The invention further provides polymers of ethylenically unsaturated monomers in the form of water-redispersible powders obtainable by the process according to the invention.
The drying aids are added to the aqueous polymer dispersions, that is to say after they have been produced by means of polymerization. This generally has the result that the drying aids are not incorporated into the polymer particles—in contrast to any emulsifiers, protective colloids or other stabilizers that are used in the polymerization to stabilize the polymerization mixture. Other auxiliaries or additives for the polymerization, such as initiators, are also either bonded directly to the polymer chains via covalent bonds or incorporated into the polymer particles or encapsulated by the polymers in the course of the polymerization. In contrast thereto, the drying aids generally encase the individual polymer particles as a result of their addition after the polymerization. After the aqueous polymer dispersions have been dried, the polymer primary particles are generally encased by a drying aid casing, with the result that the individual polymer primary particles are isolated from one another and therefore do not irreversibly agglomerate, block or cake. After the polymer powders have been redispersed in water, the polymer primary particles are generally released again.

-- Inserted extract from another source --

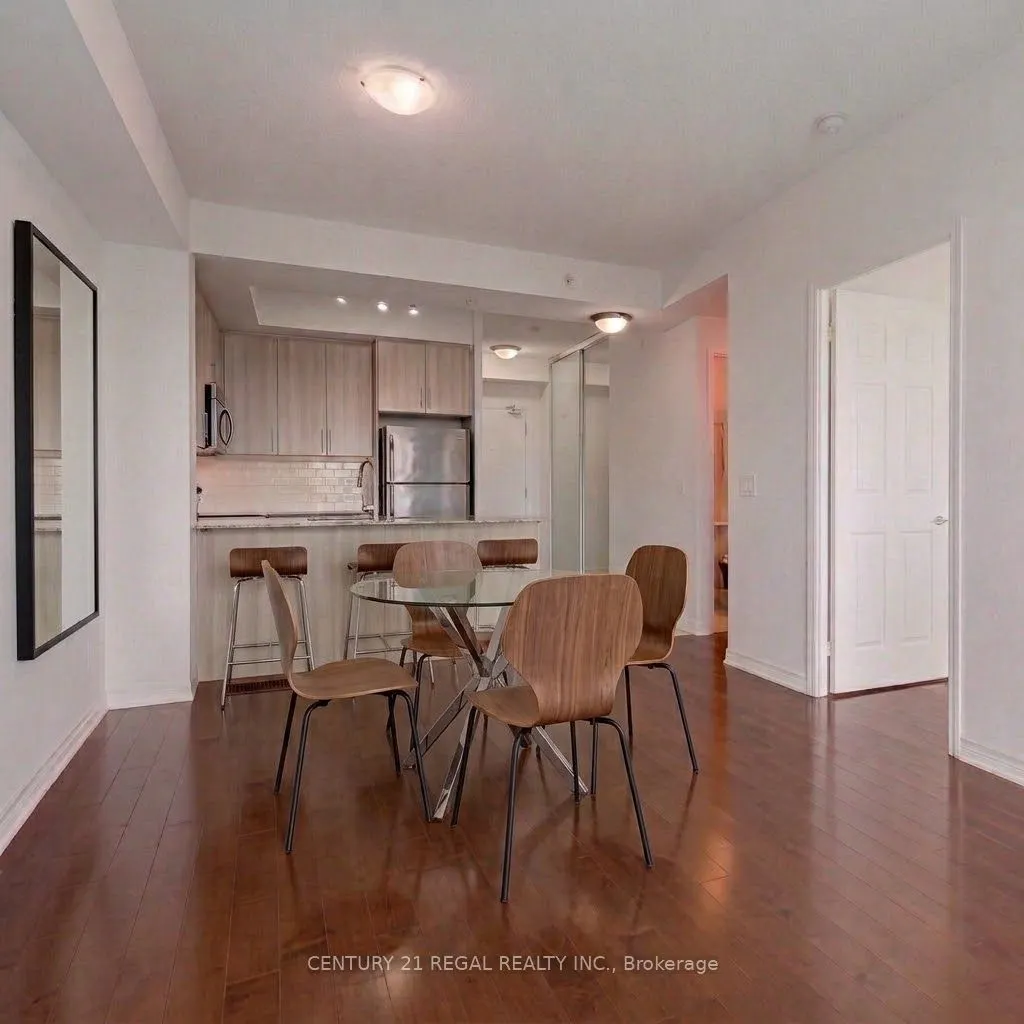 15 James Finlay Way #710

The salts of organic compounds containing 1 to 10 carbon atoms are also referred to hereinafter as organic salts for short.
The organic salts contain preferably 1 to 8, particularly preferably 1 to 5, most preferably 1 to 3 carbon atoms and most preferably of all 1 carbon atom.
The organic salts have molecular weights of preferably ≤1000 g/mol, particularly preferably ≤200 g/mol and most preferably ≤100 g/mol.
The organic compounds of the salts preferably bear one or more functional groups selected from the group comprising carboxylic acid, sulfonic acid, sulfinic acid, sulfuric acid, ammonium, amine, phosphoric acid, phosphonic acid, phosphinic acid groups. Preference is given to carboxylic acid and sulfonic acid groups. Particular preference is given to carboxylic acid groups.
Preferably, the organic salts bear 1 to 5 functional groups, in particular at least two carboxylic acid groups or at least one carboxylic acid group and at least one hydroxyl group. Particularly preferably, the organic salts bear only one functional group.
The organic salts are preferably saturated and particularly preferably do not bear any ethylenically unsaturated groups. The organic salts are preferably aliphatic.
The organic compounds of the salts are preferably in the form of cations and particularly preferably in the form of anions.
As counterions, the organic compounds of the salts preferably have alkaline earth metal, alkali metal or ammonium ions. Preference is given to alkali metal ions. Preferred alkali metal ions are lithium ions, potassium ions and in particular sodium ions. In a preferred embodiment, the organic salts are not in the form of lithium salts.
Examples of organic salts are monocarboxylates, such as formates, acetates, propanate or butyrates; hydroxycarboxylates, such as hydroxypropanates, hydroxybutyrates, glycolates, lactates or glycerates; oxocarboxylates, such as glyoxylates, oxobutanates or acetoacetates; dicarboxylates, such as oxalates, malonates, methylmalonates, pyruvates, succinates, oxaloacetates, malates or tartrates; or ethylenically unsaturated carboxylates, such as acrylates, fumarates, maleates and crotonates, in particular the alkali metal salts thereof, preferably the sodium salts thereof. Preferred organic salts are formates, acetates, glyoxylates, glycolates, propanates, in particular the alkali metal salts thereof, preferably the sodium salts thereof. Most preferred organic salts are sodium formates.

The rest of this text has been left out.